Too often, organizations consider freelancers an optional extra, recruited at short notice, fulfilling narrow roles, distant from the strategic direction of the company. Consequently the growing freelance talent pool remains underutilized and often mismanaged, just when freelancing is becoming standard employment for millions around the world.
Harvard Business Review Analyst Services and Fiverr research reveals freelancers are doing around 20% of the work in US-based businesses. By 2027, freelancers are projected to outsize the full-time workforce in the country. Likewise, a recent survey of UK businesses reveals four in ten are currently working with freelancers, with 60% saying that working with freelancers has helped employees both address and avoid burnout in 2023.
Although the 2023 Harvard Business Review study finds 81% of respondents citing freelancers as important to their organization, only 38% say their organization is very effective at managing them. 45% of the surveyed companies lack a comprehensive strategy for engaging freelancers. This is to the detriment of the business seeking to utilize outside talent. If employers are to respond to their growing talent base, then they must better identify and utilize freelancers. This can be done in the following ways:
Create a chief freelance officer
One of the biggest challenges facing HR teams is they are predominantly focused on full time employees only, but in terms of freelancers, this responsibility usually falls to a specific team lead. This can result in ineffective recruitment and talent management within the business. When considering whether to employ freelancers, the main challenge in the survey, cited by 49% of respondents, was finding freelancers with the right skills. A dedicated Chief Freelance Officer to recruit and manage freelancers will be better equipped to find and optimize external talent. The ‘CFO’ would also implement strategies to integrate freelancers within their workforce, championing their role to the C-Suite. This would get the most value out of a freelancer, align them with the strategic direction of their host organization, and better enable their performance to be measured.
Championing processes and technology
Typically businesses will need a software on demand SaaS solution that gives them control over their entire freelance workforce by allowing them to source, hire, onboard, manage and pay freelancers while ensuring regulatory compliance to maximize business growth. And by using AI, organizations can monitor relationships with freelancers, including the validity of legal documents, enabling the Chief Freelance Officer to mitigate the risk of worker misclassification.

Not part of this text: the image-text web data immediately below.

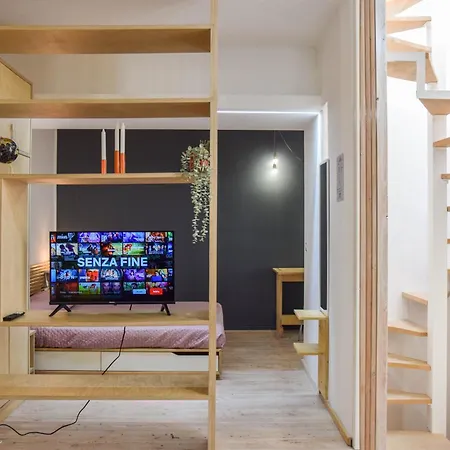 Apartment Tiburtina Terrace *
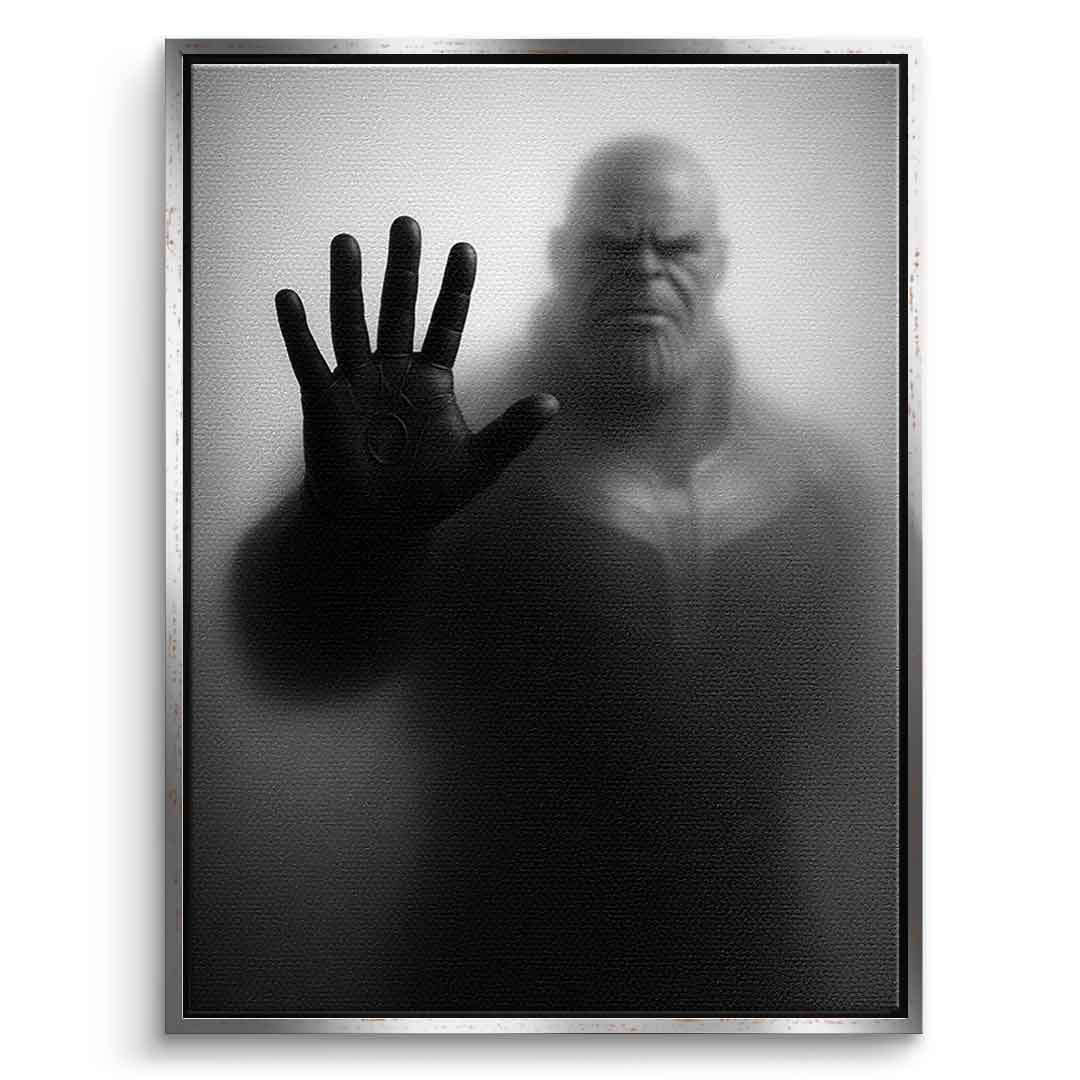 Thanos' Silhouette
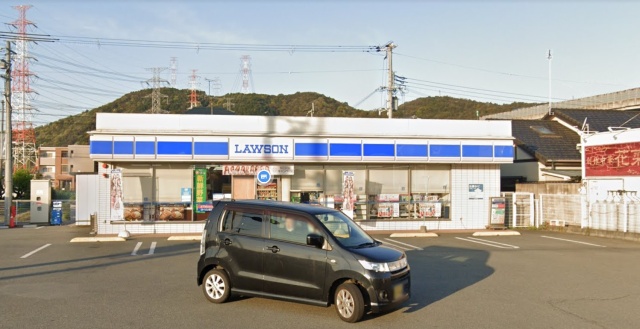 コンビニ　ローソン　姫路別所店（コンビニ）まで600m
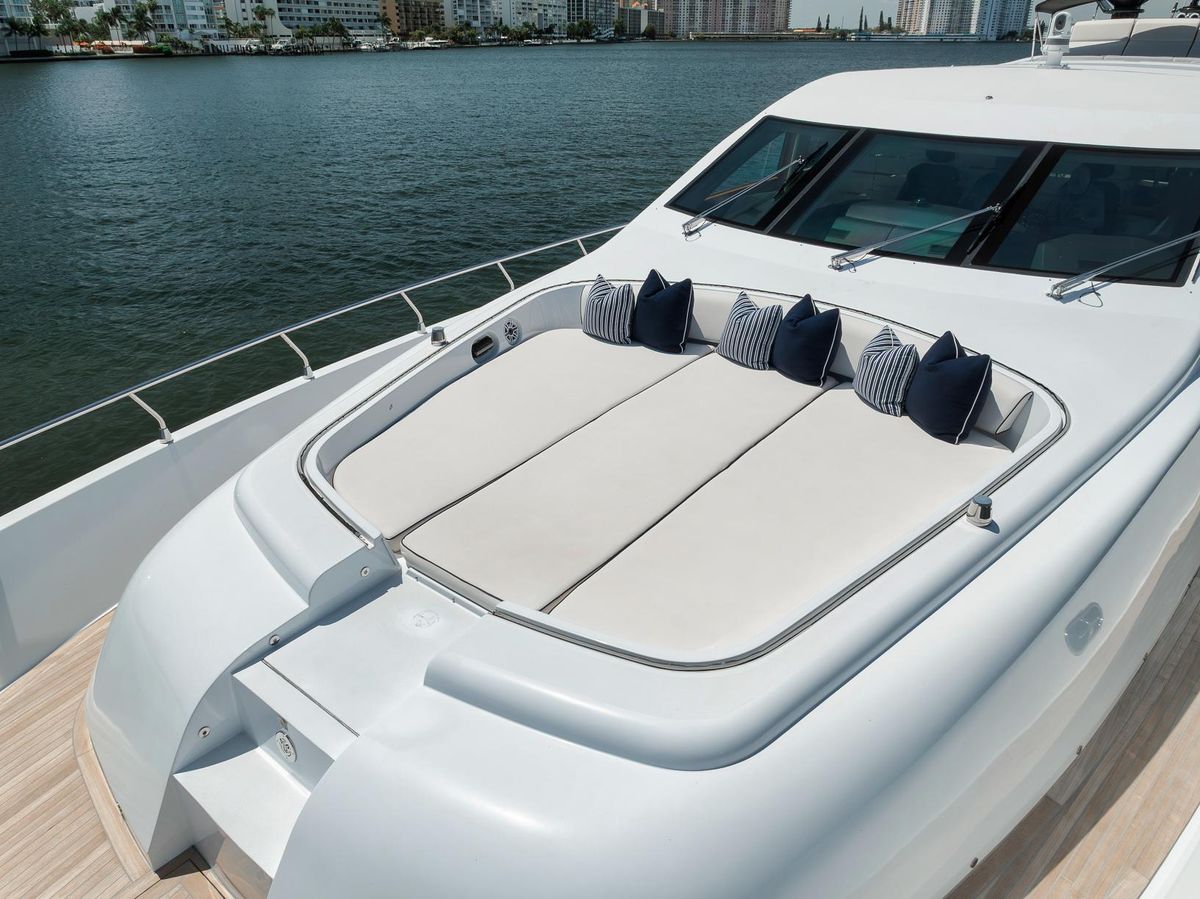 2008 Arno Leopard 101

Attract talent, ensuring their success while measuring your ROI
Labor is often the largest cost to any business, with Deloitte estimating it accounts for between 50-70% of company spending. A cost effective talent management strategy is crucial. The best talent management strategy will align company goals with the abilities and development objectives of the talent. A Chief Freelance Officer will harmonize these requirements and identify the skills gaps that must be addressed. In closing the skills gap the CFO will often decide between expanding the talent pool or offering more flexible work engagements. Increasingly, this will be one of the same, and HRs must consider all their employees to be freelancers.
The future
Freelancing will become more prevalent in a dynamic jobs market, characterized by remote working, economic uncertainty and an appetite among younger professionals to supplement their income with multiple jobs and passion projects.

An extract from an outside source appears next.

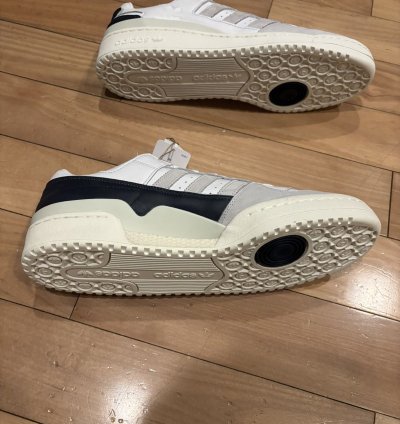 Adidas Kith Men Forum Low Sneakers Size Men 13
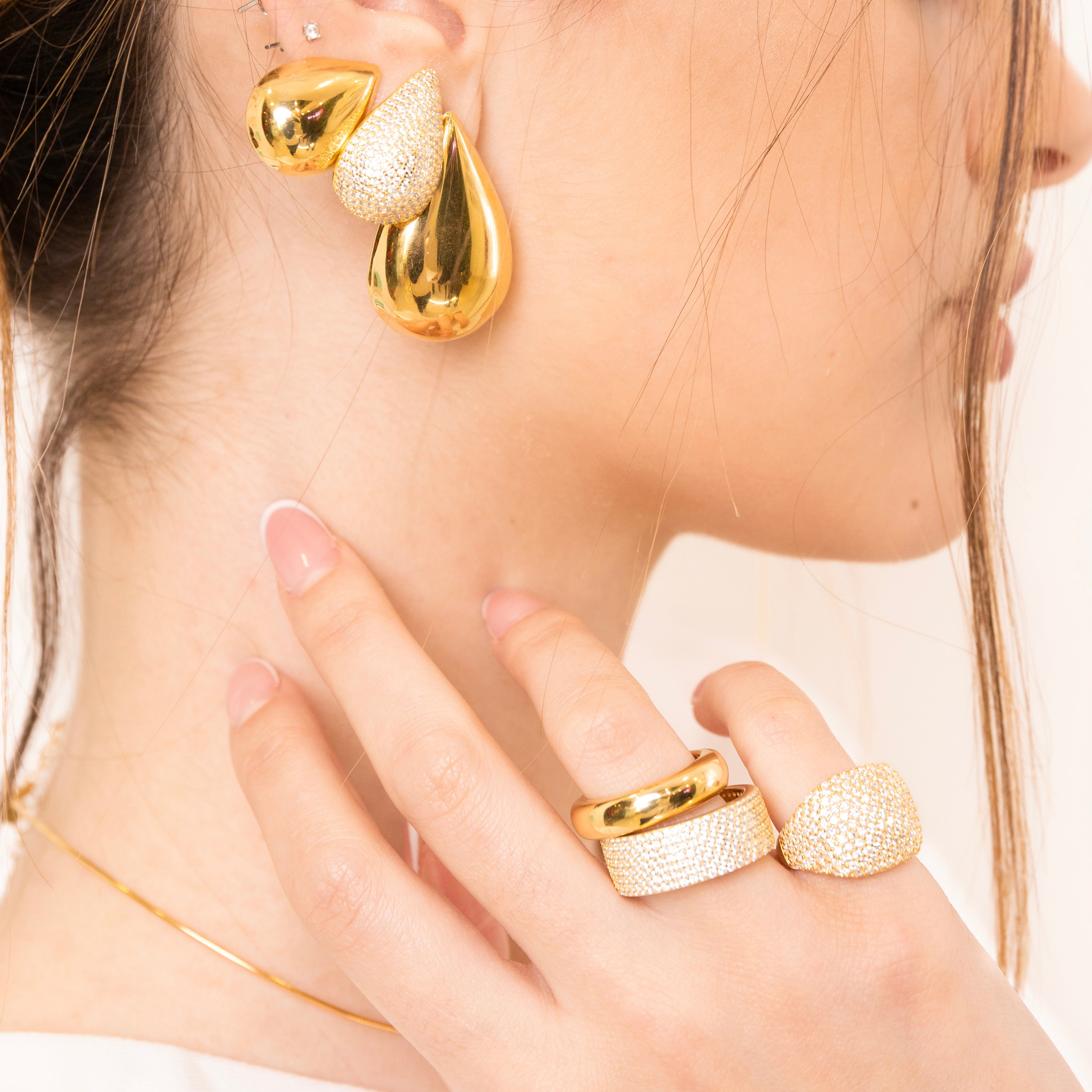 Anello fascia Luxury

The popularity of the side hustle is particularly evident among Gen Z, with platforms such as TikTok enabling such projects to be monetized. A February 2023 global survey of 10,000 workers by Kantar shows 40% of Gen Z workers are combining at least two job roles.
Explaining this generational preference, Caitlin Duffy, director of research at Gartner said: “Career paths are becoming less linear…young workers are entering a turbulent work environment: they want to set themselves up for long-term employability, remain flexible and be able to move between work places.”
This description could now be applied across the generations, but Generation Z will swell the workforce. Therefore freelancing will become more central to organizations, driven by new entrants to the workforce, established freelancers or those who, post pandemic, became used to greater autonomy and remote working. Through preference or through market forces, everyone is becoming a freelancer.
Yet a poorly managed team, regardless of the staffing mix, will yield poor results. It’s time to redesign management structures to optimize the new workforce, be that new entrants into employment or established freelancers. There’s much to look forward to in the new talent landscape and a dedicated Chief Freelance Officer would be ideally suited to maximize external expertise in the years ahead.